Another interesting finding in the present study was the observed heterogeneity of HSCs both in vitro and in vivo. Previous studies by Magness et al. identified cells within the damaged liver which expressed either αSMA, collagen, or both suggesting the potential for either multiple cell populations with characteristics similar to HSCs (10). In the setting of BDL, it is clear that extrahepatic myofibroblasts are recruited periportally and contribute significantly to hepatic fibrogenesis, in the absence of significant αSMA expression (30). For in vitro studies, however, HSCs are enriched from undamaged livers. Similar to the in vivo studies in the BDL model, HSCs express either αSMA or collagen or both. Thus, the use of αSMA driven dnPI3K may only function in a subset of the collagen producing cells within the liver. Alternatively, when PI3K activity is blocked in HSCs, cell death is induced (Figure 2A–F). Nevertheless, our approach has led to a large and significant reduction in collagen expression and deposition, and inhibition of pro-fibrogenic growth factor production, both in vitro and in vivo. The overall significance of multiple HSC populations, or intermediates within this lineage, remains to be determined.

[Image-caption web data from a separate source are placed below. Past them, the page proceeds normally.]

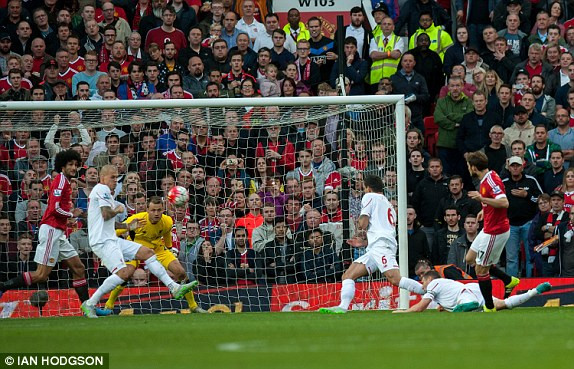 M.U vs Liverpool (3-1): Tân binh 19 tuổi 'mở tài khoản' ảnh 6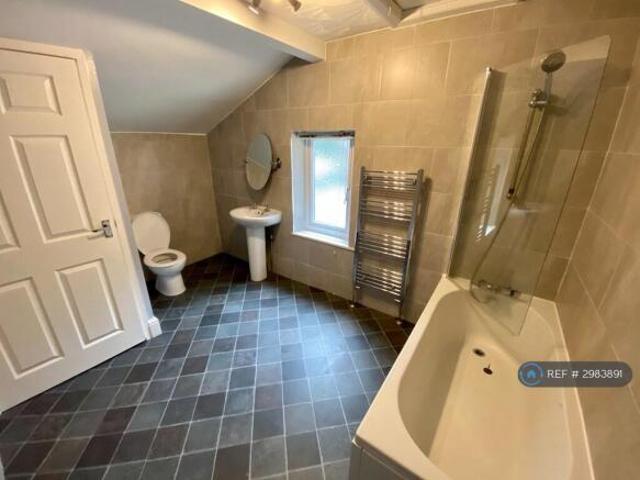 Cottage for rent in West Yorkshire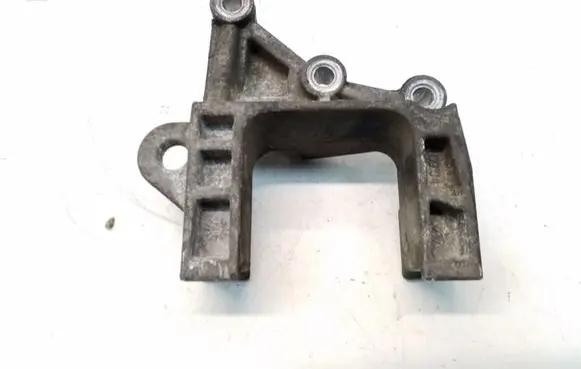 Chrysler Town & Country V Engine mounting bracket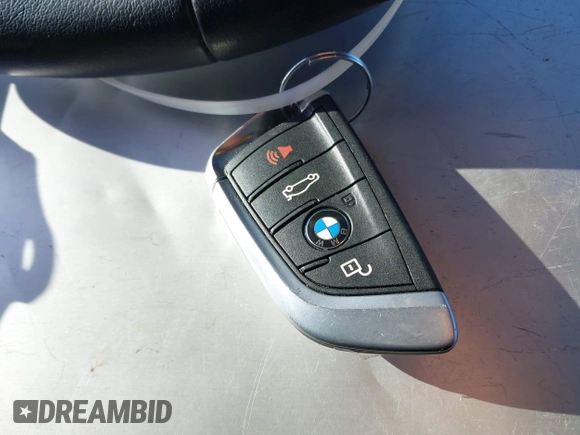 2015 BMW X5 xDrive35i with VIN 5UXKR0C53F0K62348, listed as a IAAI auction lot 41969164 with 122,612 mi miles. Bid and sale history available at carsss.com. Image 11.
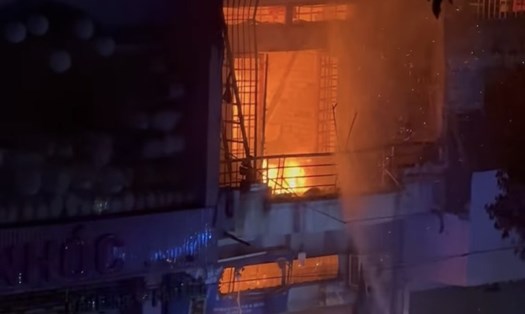 Cháy nhà cao tầng ở TPHCM, 3 người thoát nạn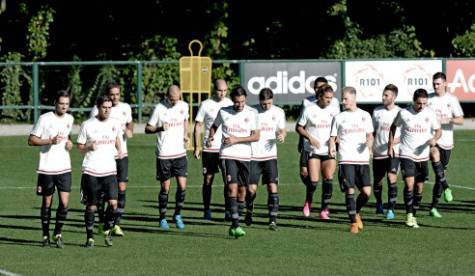 Allenamento a Milanello (foto acmilan.com)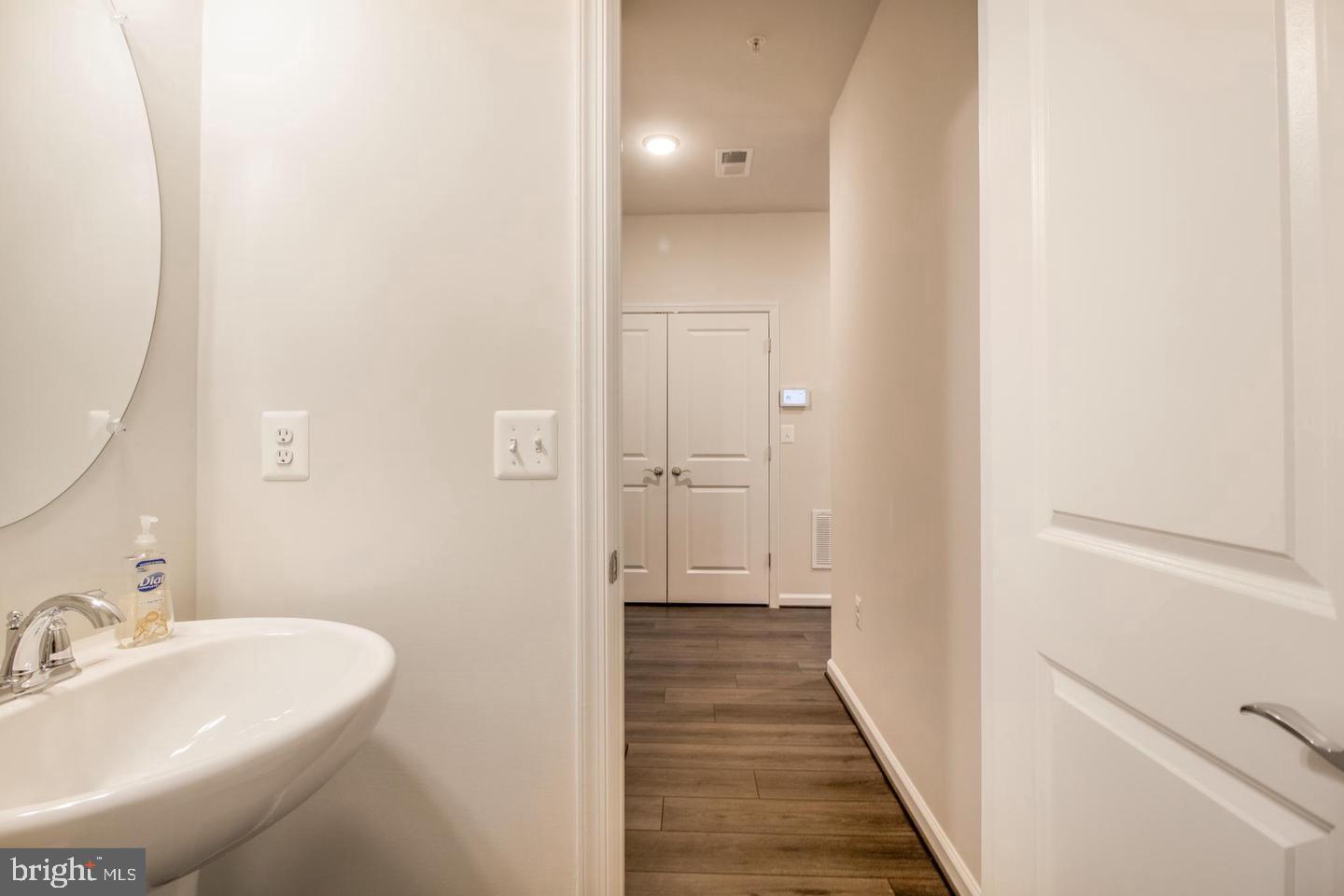WATERSHED - Residential Lease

In summary, we have demonstrated that selective inhibition of PI3K in activated HSCs, via a αSMA-driven dominant negative form of PI3K, reduces hepatic fibrogenesis, likely through suppression of fibrotic gene transcription, as well as through promotion of HSC death. In vitro studies further demonstrate the ability of PI3K inhibition to suppress HSC proliferation, migration, and pro-fibrogenic gene expression, processes which likely involves interruption of downstream signaling molecules including Akt and p70S6K. Furthermore, this inhibition appears to be critical for the induction of HSC death, thereby eliminating important collagen producing cells from the liver. In addition, the current investigation has also revealed, as previous studies would indicate, a potential heterogeneity of collagen producing cells within the liver, specifically the presence of αSMA-negative collagen producing cells. Finally, the current study has led to the creation and validation of an activated HSC specific adenoviral vector which will provide a platform for future investigation into the functions of other cellular proteins within HSCs, both in vitro and in vivo. In conclusion, PI3K is critical for HSC activation and collagen production and, as such, therapies directed at inhibiting PI3K, specifically in HSCs, may be useful to treat hepatic fibrogenesis.
Financial Support: Supported by NIH Grants DK065972 (RAR) and AA016563 (INH).